East Midland archaeologists were “gobsmacked” to unearth another trove of finds at the site of a Roman villa complex in Rutland. Two years after it was first discovered beneath a farmer’s field, the site has revealed a lavish barn conversion with a sophisticated Roman-style bath suite and mosaic.
“It’s amazing; it sort of makes up for all the muddy ditches that I’ve spent a lot of my time in,” said Jennifer Browning, a projects officer with the University of Leicester archaeological services.
It was during the first national lockdown in 2020 when the site attracted the interest of archaeologists after a family spotted some pottery fragments in one of their fields. Experts from the University of Leicester were called in and began unveiling a grand Roman villa with a rare mosaic depicting the Trojan war epic from Homer’s (c. 8th century BC) Iliad. Historic England hailed the mosaic – now protected by the government – as one of the most significant of its kind in Britain.
“The (Iliad) mosaic is a fantastic eye-catching find,” explained John Thomas, deputy director of University of Leicester archaeological services. “But it’s just one element of a much bigger settlement that we now know of from the geophysics.”

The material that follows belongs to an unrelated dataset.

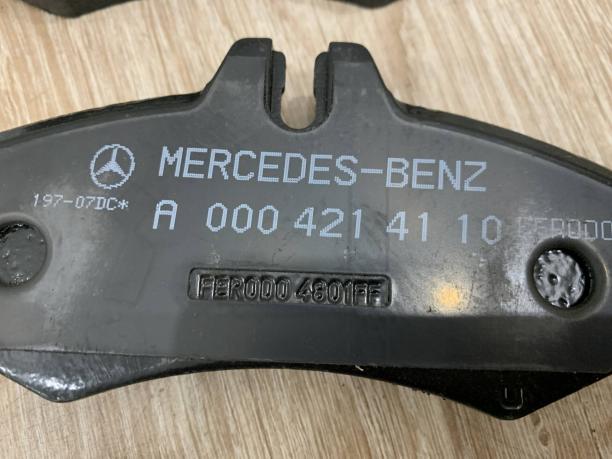 Тормозные колодки передние Mercedes W638 Vito 638 a0004214110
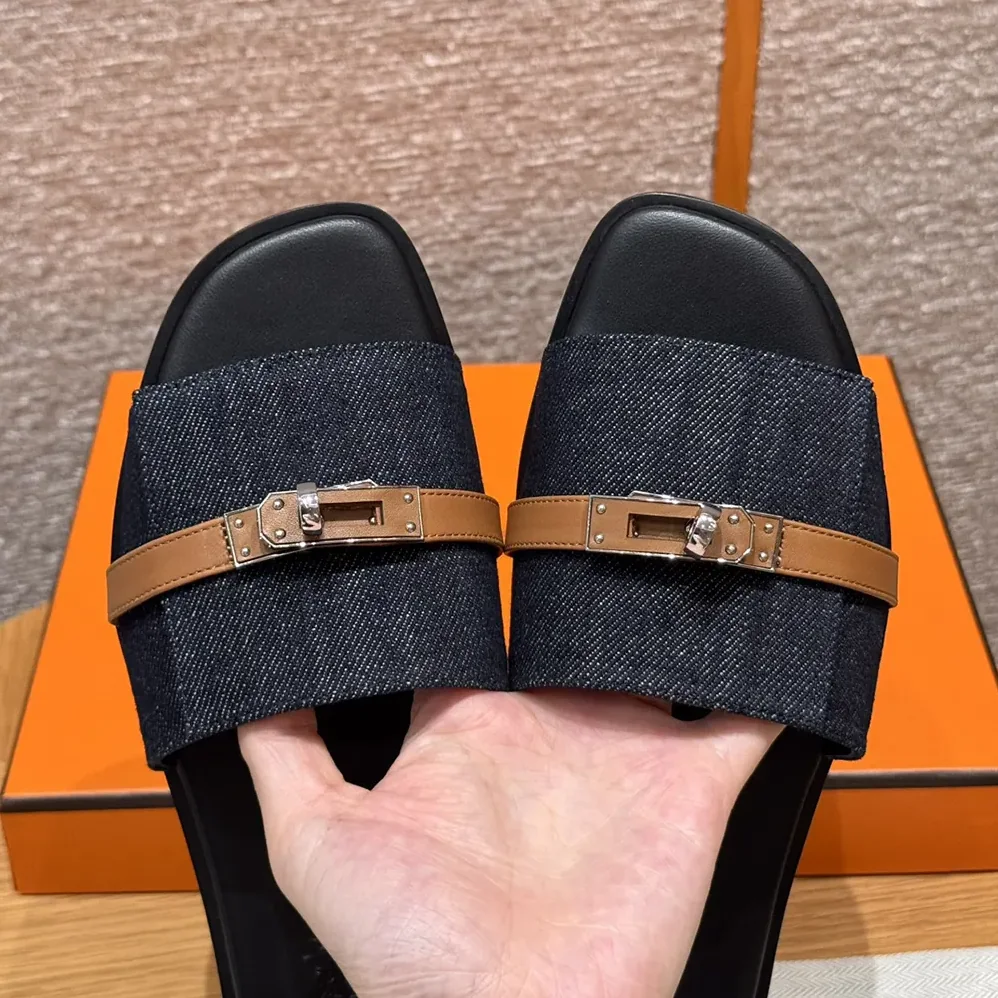 Hermes Giulia Sandal for Women in Navy Hermes Giulia Sandal for Women in Navy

This year, the second round of discoveries provides fresh evidence of the owners’ once lavish lifestyle. A large barn, possibly with multiple storeys, was found about 50 metres away from the villa. Originally built using timber, the barn was later converted into stone for living and agricultural purposes. Inside the dwelling was a luxurious bath suite with underfloor heating and heating ducts built into the walls.

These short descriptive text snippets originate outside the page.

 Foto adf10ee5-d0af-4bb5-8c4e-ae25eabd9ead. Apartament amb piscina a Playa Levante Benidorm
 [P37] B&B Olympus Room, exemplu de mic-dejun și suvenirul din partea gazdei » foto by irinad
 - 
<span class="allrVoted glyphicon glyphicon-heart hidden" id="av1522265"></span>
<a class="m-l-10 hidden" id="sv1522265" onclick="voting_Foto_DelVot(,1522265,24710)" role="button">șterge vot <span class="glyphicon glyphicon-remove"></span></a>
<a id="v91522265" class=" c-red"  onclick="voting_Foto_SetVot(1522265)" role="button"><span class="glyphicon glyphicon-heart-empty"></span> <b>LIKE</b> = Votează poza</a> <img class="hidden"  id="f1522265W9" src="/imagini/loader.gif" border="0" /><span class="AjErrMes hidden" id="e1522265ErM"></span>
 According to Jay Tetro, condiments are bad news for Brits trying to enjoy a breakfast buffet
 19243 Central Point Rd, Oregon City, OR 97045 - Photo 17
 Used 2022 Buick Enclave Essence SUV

The excavation also unearthed a new mosaic believed to be part of a dining or entertaining area of the large villa, featuring a kaleidoscopic geometric pattern. It suggests that the site was first occupied in the 2nd or 3rd centuries CE, which is much older than previously thought by a hundred years or more.
Speaking about the importance of Rutland, Thomas said: “It’s difficult to overstate the significance of this Roman villa complex to our understanding of life in late Roman Britain. While previous excavations of individual buildings, or smaller-scale villas, have given us a snapshot, this discovery in Rutland is much more complete and provides a clearer picture of the whole complex.”